Assignment:
Exact reproduction required: the lines below from the line with "Applique Aluminium Noir G9 1 Loreto" to the line with "KLICKfix Doggy Basket", both ends included, and no others.

Data extract:
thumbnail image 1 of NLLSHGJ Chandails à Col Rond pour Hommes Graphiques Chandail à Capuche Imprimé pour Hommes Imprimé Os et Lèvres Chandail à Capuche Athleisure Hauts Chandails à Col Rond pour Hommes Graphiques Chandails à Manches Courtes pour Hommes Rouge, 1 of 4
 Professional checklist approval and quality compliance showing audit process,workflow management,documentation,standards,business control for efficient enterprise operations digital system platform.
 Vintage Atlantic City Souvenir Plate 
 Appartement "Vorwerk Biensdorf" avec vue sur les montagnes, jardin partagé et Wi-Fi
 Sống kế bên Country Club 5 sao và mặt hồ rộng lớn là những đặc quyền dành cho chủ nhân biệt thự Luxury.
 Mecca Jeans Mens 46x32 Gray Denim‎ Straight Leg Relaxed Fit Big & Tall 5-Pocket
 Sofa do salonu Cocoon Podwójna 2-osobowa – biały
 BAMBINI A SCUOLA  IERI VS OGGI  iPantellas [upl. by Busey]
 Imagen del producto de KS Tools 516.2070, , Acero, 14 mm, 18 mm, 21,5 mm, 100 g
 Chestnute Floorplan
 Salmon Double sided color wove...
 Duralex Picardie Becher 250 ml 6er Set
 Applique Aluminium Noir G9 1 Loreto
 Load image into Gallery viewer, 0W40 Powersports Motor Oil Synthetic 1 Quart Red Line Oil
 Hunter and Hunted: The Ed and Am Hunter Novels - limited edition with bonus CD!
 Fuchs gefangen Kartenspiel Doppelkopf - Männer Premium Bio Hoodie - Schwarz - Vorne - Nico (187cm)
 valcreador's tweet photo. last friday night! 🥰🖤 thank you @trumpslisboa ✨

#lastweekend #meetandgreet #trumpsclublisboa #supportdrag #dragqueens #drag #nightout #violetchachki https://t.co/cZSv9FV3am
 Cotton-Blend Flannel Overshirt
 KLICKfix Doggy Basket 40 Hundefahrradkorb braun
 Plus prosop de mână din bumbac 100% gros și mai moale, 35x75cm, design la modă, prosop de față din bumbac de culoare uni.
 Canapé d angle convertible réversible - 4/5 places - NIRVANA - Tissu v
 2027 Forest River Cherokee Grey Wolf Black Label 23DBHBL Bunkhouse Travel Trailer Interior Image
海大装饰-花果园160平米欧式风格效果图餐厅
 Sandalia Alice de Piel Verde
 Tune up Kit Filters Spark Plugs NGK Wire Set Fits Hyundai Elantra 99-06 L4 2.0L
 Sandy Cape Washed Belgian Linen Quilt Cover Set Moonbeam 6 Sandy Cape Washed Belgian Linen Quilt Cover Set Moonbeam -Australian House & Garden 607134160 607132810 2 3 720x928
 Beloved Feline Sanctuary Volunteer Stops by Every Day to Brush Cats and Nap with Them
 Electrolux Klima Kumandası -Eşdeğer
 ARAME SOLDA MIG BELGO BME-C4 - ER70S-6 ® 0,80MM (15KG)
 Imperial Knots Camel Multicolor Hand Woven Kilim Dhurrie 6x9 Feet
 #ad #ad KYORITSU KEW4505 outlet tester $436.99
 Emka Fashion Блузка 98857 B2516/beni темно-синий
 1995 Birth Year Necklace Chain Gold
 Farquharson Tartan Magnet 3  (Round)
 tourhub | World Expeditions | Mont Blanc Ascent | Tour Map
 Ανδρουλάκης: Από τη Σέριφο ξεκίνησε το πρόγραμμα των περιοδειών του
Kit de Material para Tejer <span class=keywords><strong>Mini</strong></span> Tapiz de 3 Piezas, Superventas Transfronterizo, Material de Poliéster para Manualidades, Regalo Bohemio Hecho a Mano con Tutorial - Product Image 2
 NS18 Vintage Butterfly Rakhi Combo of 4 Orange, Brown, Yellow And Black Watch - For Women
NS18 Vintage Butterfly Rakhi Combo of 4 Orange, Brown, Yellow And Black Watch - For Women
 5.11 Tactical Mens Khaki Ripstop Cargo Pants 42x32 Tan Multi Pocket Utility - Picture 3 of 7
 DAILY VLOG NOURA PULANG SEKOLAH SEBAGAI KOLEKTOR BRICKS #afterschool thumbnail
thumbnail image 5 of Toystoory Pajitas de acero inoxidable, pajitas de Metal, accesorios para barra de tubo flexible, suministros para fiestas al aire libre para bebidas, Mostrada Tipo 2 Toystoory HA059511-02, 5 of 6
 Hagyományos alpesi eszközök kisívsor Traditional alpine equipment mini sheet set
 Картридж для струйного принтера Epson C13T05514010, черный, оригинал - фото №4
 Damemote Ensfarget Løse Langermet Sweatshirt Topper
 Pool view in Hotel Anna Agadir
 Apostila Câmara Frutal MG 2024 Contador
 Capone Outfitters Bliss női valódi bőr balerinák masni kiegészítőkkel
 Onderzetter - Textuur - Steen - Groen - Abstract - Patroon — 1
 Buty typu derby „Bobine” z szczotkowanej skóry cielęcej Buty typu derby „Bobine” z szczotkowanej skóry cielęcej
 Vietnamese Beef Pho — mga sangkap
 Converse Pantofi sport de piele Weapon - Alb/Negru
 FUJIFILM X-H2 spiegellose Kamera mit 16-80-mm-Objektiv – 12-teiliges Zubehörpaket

Solution:
 Applique Aluminium Noir G9 1 Loreto
 Load image into Gallery viewer, 0W40 Powersports Motor Oil Synthetic 1 Quart Red Line Oil
 Hunter and Hunted: The Ed and Am Hunter Novels - limited edition with bonus CD!
 Fuchs gefangen Kartenspiel Doppelkopf - Männer Premium Bio Hoodie - Schwarz - Vorne - Nico (187cm)
 valcreador's tweet photo. last friday night! 🥰🖤 thank you @trumpslisboa ✨

#lastweekend #meetandgreet #trumpsclublisboa #supportdrag #dragqueens #drag #nightout #violetchachki https://t.co/cZSv9FV3am
 Cotton-Blend Flannel Overshirt
 KLICKfix Doggy Basket 40 Hundefahrradkorb braun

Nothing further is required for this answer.